··· Entries supplied
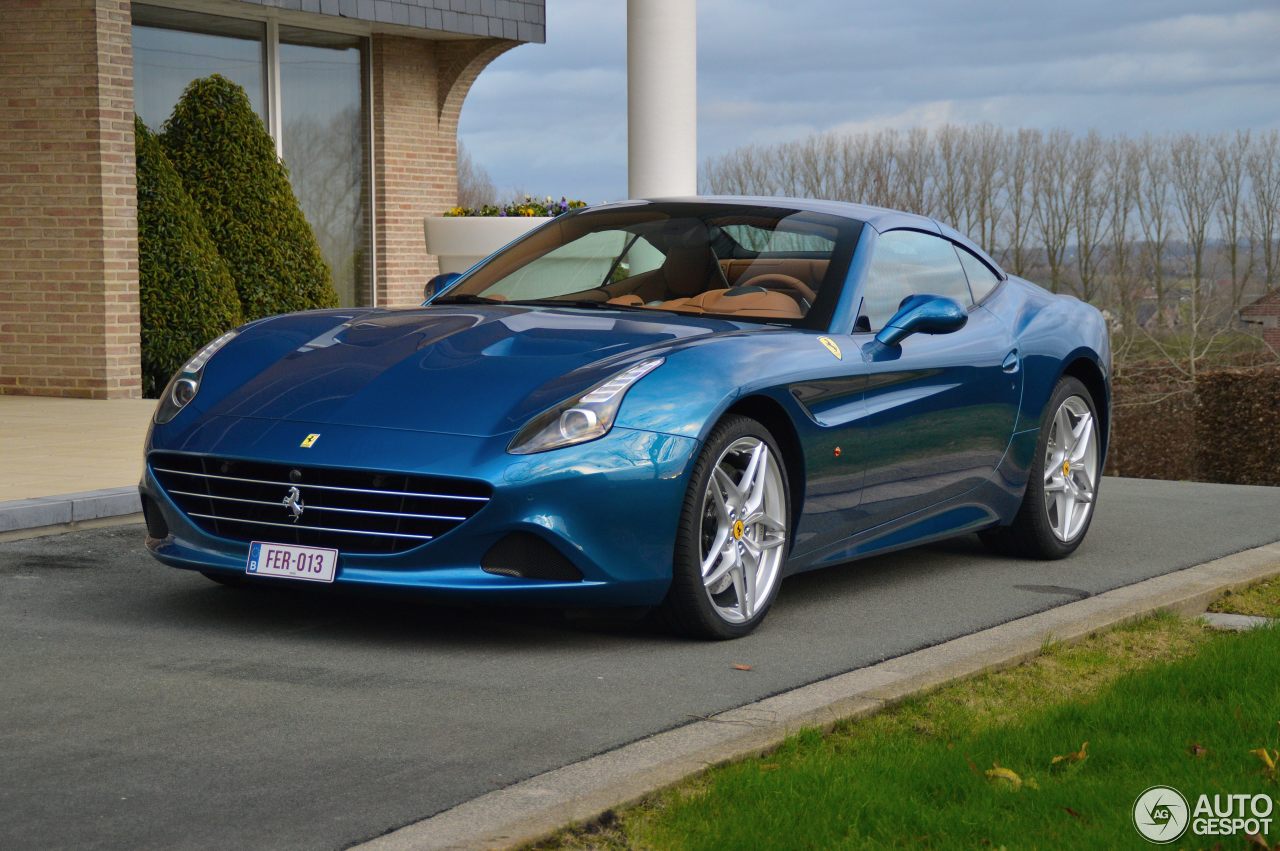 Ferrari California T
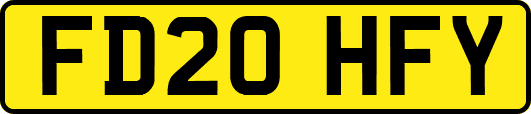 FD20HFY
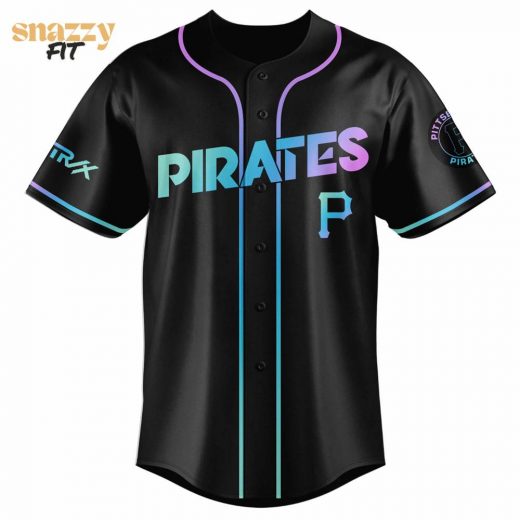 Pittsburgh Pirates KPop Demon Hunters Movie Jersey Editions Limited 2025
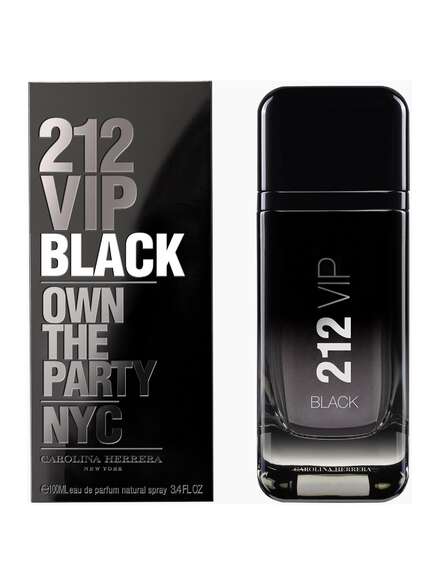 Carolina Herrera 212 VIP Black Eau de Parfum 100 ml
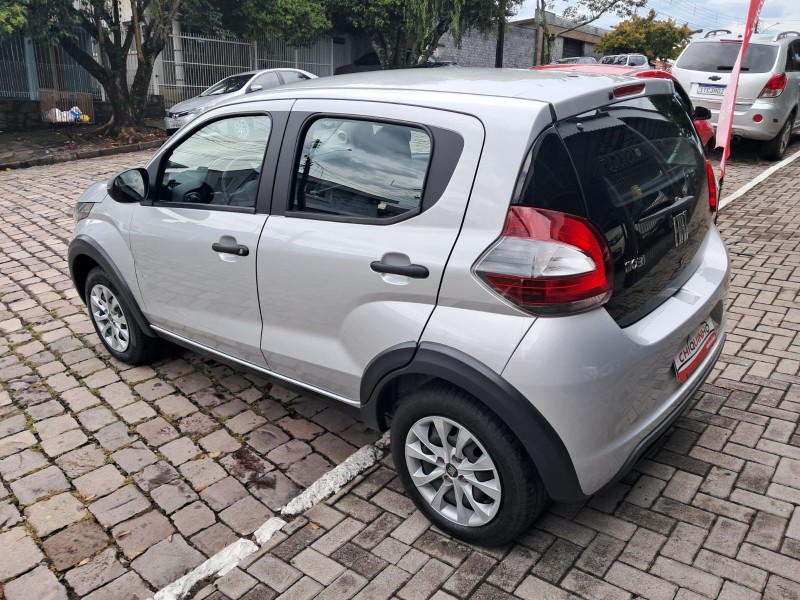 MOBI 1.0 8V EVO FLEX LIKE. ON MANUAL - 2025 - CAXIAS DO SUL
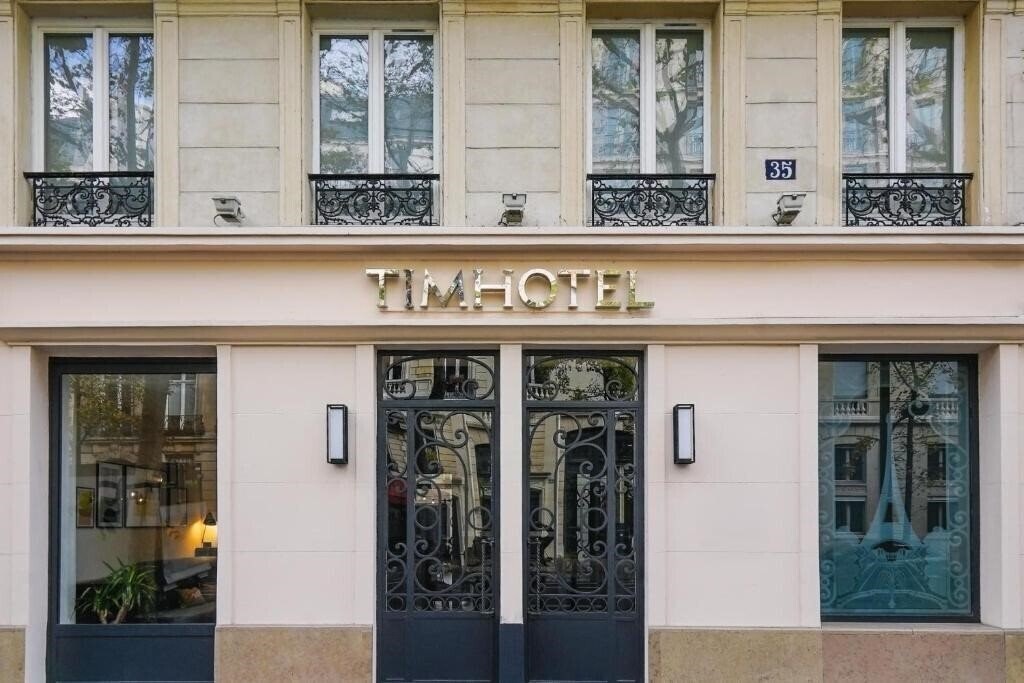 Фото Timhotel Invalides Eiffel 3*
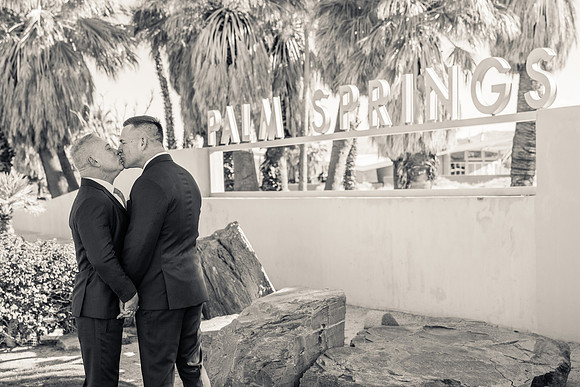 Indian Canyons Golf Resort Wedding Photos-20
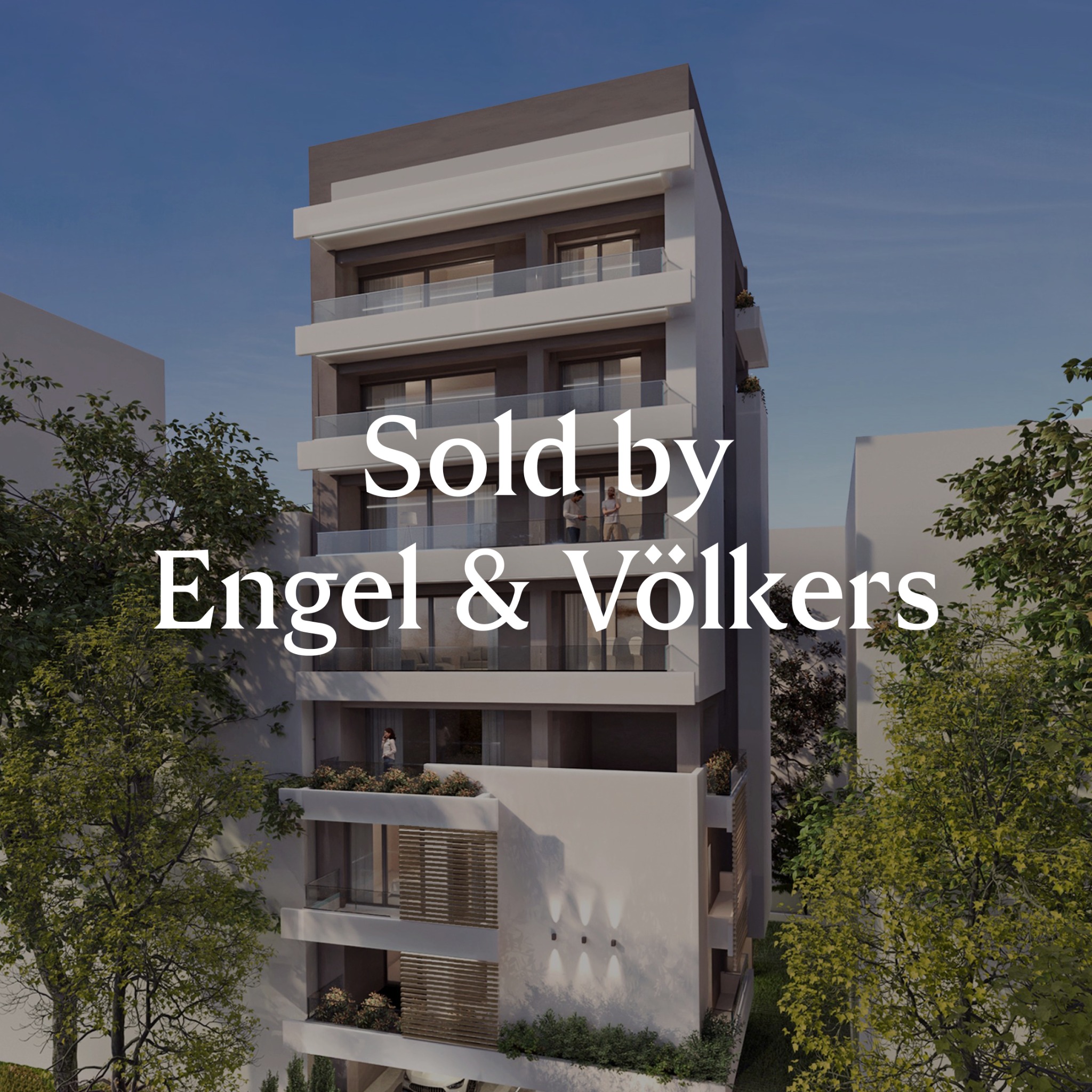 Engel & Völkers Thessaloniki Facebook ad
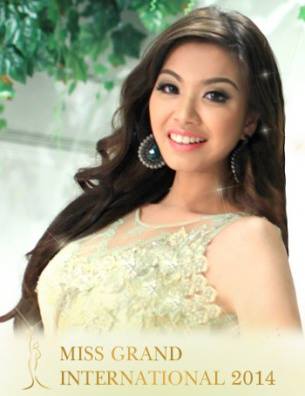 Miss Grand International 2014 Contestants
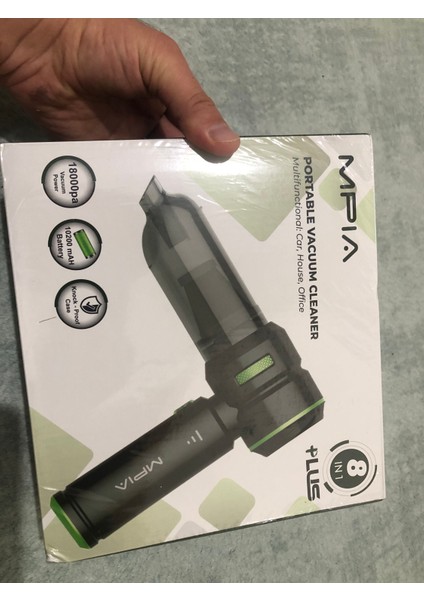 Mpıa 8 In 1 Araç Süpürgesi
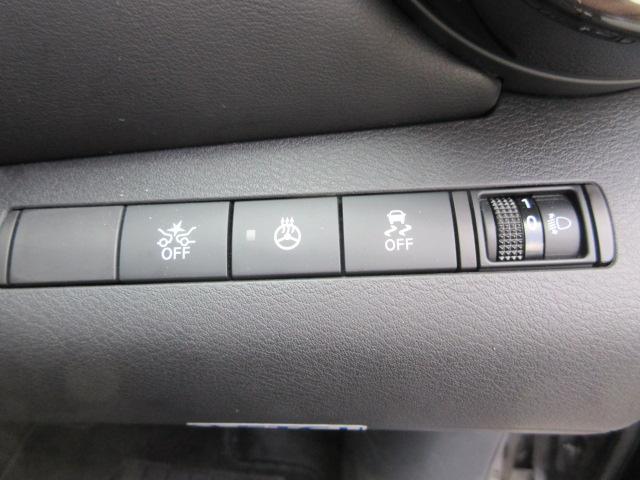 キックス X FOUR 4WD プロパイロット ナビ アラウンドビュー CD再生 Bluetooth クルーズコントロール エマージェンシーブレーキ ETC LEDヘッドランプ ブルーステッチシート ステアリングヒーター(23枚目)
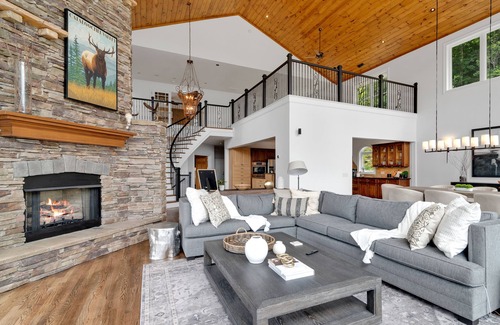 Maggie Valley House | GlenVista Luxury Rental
······
Would you set down the records above once more, exactly, with the pictures removed?

 Ferrari California T
 FD20HFY
 Pittsburgh Pirates KPop Demon Hunters Movie Jersey Editions Limited 2025
 Carolina Herrera 212 VIP Black Eau de Parfum 100 ml
 MOBI 1.0 8V EVO FLEX LIKE. ON MANUAL - 2025 - CAXIAS DO SUL
 Фото Timhotel Invalides Eiffel 3*
 Indian Canyons Golf Resort Wedding Photos-20
 Engel & Völkers Thessaloniki Facebook ad
 Miss Grand International 2014 Contestants
 Mpıa 8 In 1 Araç Süpürgesi
 キックス X FOUR 4WD プロパイロット ナビ アラウンドビュー CD再生 Bluetooth クルーズコントロール エマージェンシーブレーキ ETC LEDヘッドランプ ブルーステッチシート ステアリングヒーター(23枚目)
 Maggie Valley House | GlenVista Luxury Rental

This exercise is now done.